Used the coupon code to order the Vacmaster 130 and a 50/50 selection of pint/quart bags. To celebrate it's arrival on Saturday I smoked 5 pounds each Cheddar and Pepper Jack, but to my dismay found the Vac sealer not working out of the box - not pulling a vacuum 
	

	
	
		
		



		
			






. An email from Lisa suggested I wait till today to call support, which I did and they determined that it was indeed the unit, not me - so to return it for repair or replacement. Figuring I had nothing to loose (and being the consummate tinkerer) I unscrewed the 8 screws and opened the back panel to find a broken plastic tee. Lifting the vacuum hose with a finger broke a second tee barb, so it must have been a real brittle batch. It probably worked fine at the factory, but broke during shipping. The tubing looked exactly like aquarium pump tubing, so instead of paying to have it sent back and waiting possibly weeks, I went to the aquarium store and fixed it with a high quality brass tee - less than $2. 
	

	
	
		
		



		
		
	


	





  Just pulled Saturdays work from the ziplocks and vacuumed them up right labels and all! So anybody that runs into a similar problem with theirs - the fix is super easy to do yourself.

I was worried that the pint bags would be too small to do much with, but discovered that 1/2 pound slices of cheese fit them perfectly!


----------



## scarbelly (Jun 4, 2012)

Great job and it looks like you are getting professional with the labels too


----------



## daveomak (Jun 4, 2012)

Baja Traveler... evening....  How do you like the sealer and did it do a good job for you....  Lots of vacuum ???  Just curious....  I'm waiting for my sealer to die so I can get a new one....  Yours is the unit I want to get...  

Dave


----------



## baja traveler (Jun 4, 2012)

I've only used it for the 22 packages of cheese this afternoon, but I like it very much.

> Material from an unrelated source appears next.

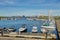 Luxury speedboats docked along side of wooden promenade at Danish capital of Copenhagen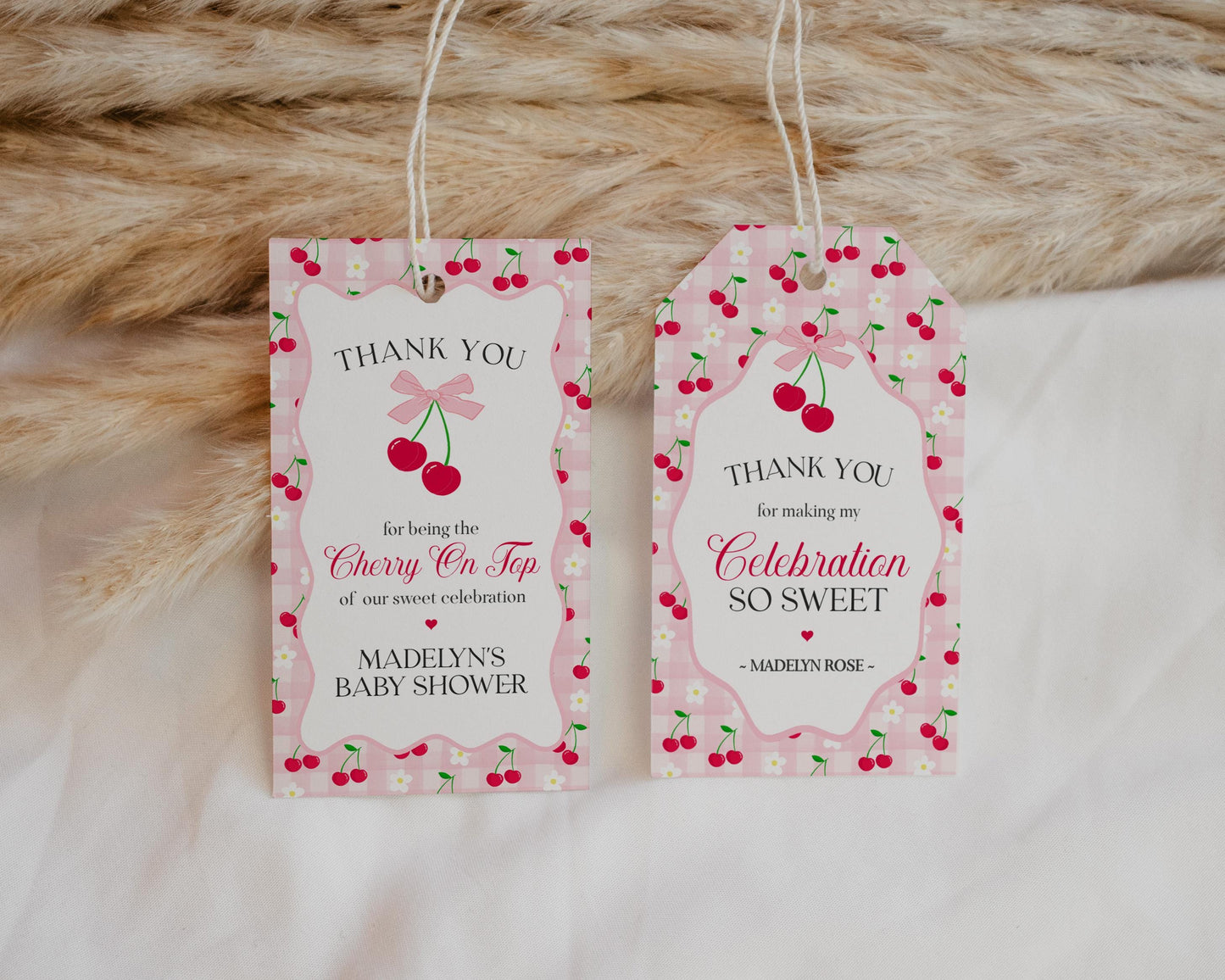 Pink Cherry Gingham Baby Shower Favor Tags Template, Coquette Sweet Cherry on Top Baby Sprinkle, Pastel Gingham Nesting Party Favors WP1071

It literally takes 5 seconds to get a full vacuum on the pint size bags. I found myself hitting the seal button in about that time instead of waiting the 15 or so seconds for the automatic timer to do it for me. The best deal is from right here on this forum at Vacuum Sealers Unlimited. Don't forget the coupon code which sweetens the deal even more.

The labels are Avery 5520 weatherproof for laser printers. We use them at work for water sample testing, as they are a mylar material that sticks to damp surfaces really well. I found they are perfect for freezer and fridge labels also.


----------



## driedstick (Jun 5, 2012)

I want one and some of your cheese. for sure on my wish list.


----------